Teprotumumab is a fully human monoclonal antibody (mAb) and targeted inhibitor of the insulin-like growth factor receptor (IGF-1R). Teprotumumab is a biologic drug that is given to patients once every three weeks for a total of eight infusions. It has received Priority Review, Orphan Drug, Fast Track, and Breakthrough Therapy designations from the United States FDA. In previous clinical trials, the most common adverse reactions (incidence ≥ 5% and greater than placebo) were muscle spasms, nausea, alopecia, diarrhea, fatigue, hyperglycaemia, impaired hearing, dysgeusia, headaches, dry skin and menstrual disorders.
Horizon is focused on the discovery, development and commercialization of drugs that address the critical needs of people affected by rare, autoimmune and serious inflammatory diseases. Our pipeline is useful: we apply scientific expertise and courage to bring clinically meaningful therapies to patients. We believe science and compassion must work together to transform lives. For more information on how we go to incredible lengths to impact lives, visit www.horizontherapeutics.com and follow us on TwitterLinkedIn, Instagram and Facebook.
This press release contains forward-looking statements, including, but not limited to, statements regarding the potential benefits of TEPEZZA (teprotumumab); the expected scope, endpoints and timing of the OPTIC-J clinical trial and other statements that are not historical facts.

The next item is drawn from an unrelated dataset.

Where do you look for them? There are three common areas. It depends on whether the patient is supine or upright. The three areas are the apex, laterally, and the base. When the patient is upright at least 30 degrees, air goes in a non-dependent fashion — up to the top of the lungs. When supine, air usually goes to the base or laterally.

These forward-looking statements are based on Horizon’s current expectations and inherently involve significant risks and uncertainties. Actual results and the timing of events could differ materially from those anticipated in these forward-looking statements due to such risks and uncertainties, which include, but are not limited to, risks related to clinical trials, including that past results may not predict future results. results of clinical trials; the impacts of the COVID-19 pandemic and measures taken to slow its spread, including potential delays in clinical trials; regulatory obligations and oversight, including any changes in the legal and regulatory environment in Japan and the risks detailed from time to time under “Risk Factors” and elsewhere in Horizon’s filings and reports with the SEC. Horizon assumes no obligation or obligation to update any forward-looking statements contained in this press release as a result of new information.
Barrio-Barrio J, et al. Graves’ ophthalmopathy: classification, evaluation and management VISA versus EUGOGO. Journal of Ophthalmopathy. 2015;2015:249125.

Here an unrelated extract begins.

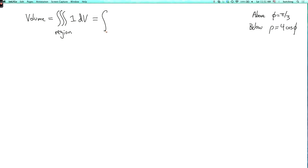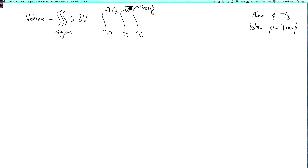So phi is going from what to what? Above phi equals pi over 3 means that phi is less than pi over 3, because on the positive z-axis phi is 0. So phi goes from 0 to pi over 3. It's a little confusing because the surface we're above is the upper limit, since phi increases as you go down. Theta can be anything, so theta goes from 0 to 2 pi. Below rho equals 4 cosine phi means rho goes from 0 to 4 cosine phi. We include the magnification factor rho squared times sine phi, giving d rho d theta d phi.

Weightman DR, et al. Autoantibodies against IGF-1 binding sites in thyroid-associated ophthalmopathy. Autoimmunity. 1993;16(4):251–257.
Pritchard J, et al. Immunoglobulin activation of T-cell chemotactic expression in fibroblasts from Graves’ disease patients is mediated through the insulin-like growth factor receptor 1 pathway. J Immunol. 2003;170:6348-6354.

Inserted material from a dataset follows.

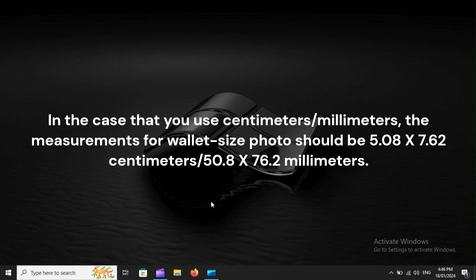In the case that you use centimeters or millimeters, the measurements for wallet size photo should be 5.08 x 7.62 cm or 50.8 x 76.2 millimeters.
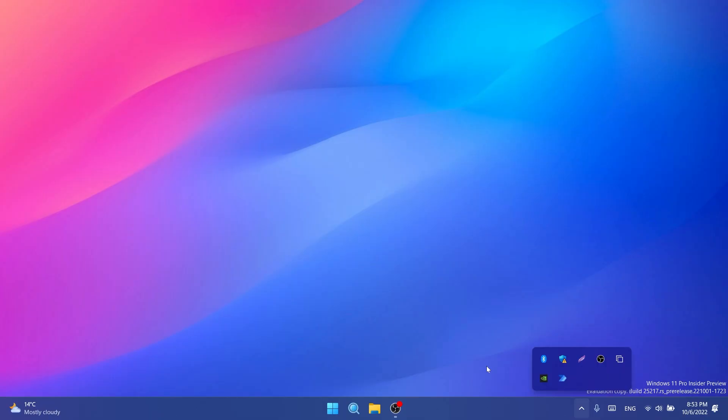Now let's talk about some fixes. First of all, we have some fixes regarding the tablet-optimized taskbar. They fixed the issue causing the taskbar to sometimes collapse when it should be expanded if there are no running windows on the desktop.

Bartalena L, Kahaly GJ, Baldeschi L, et al. European Group on Graves’ Orbitopathy (EUGOGO) 2021 Clinical Practice Guidelines for the Medical Management of Graves’ Orbitopathy [published online ahead of print]. Eur J Endocrinol. July 1, 2021: EJE-21-0479.R1. doi: 10.1530/EJE-21-0479.
McKeag D, et al. Clinical features of dysthyroid optic neuropathy: a survey of the European Graves Orbitopathy Group (EUGOGO). Br J Ophthalmol. 2007;91:455-458.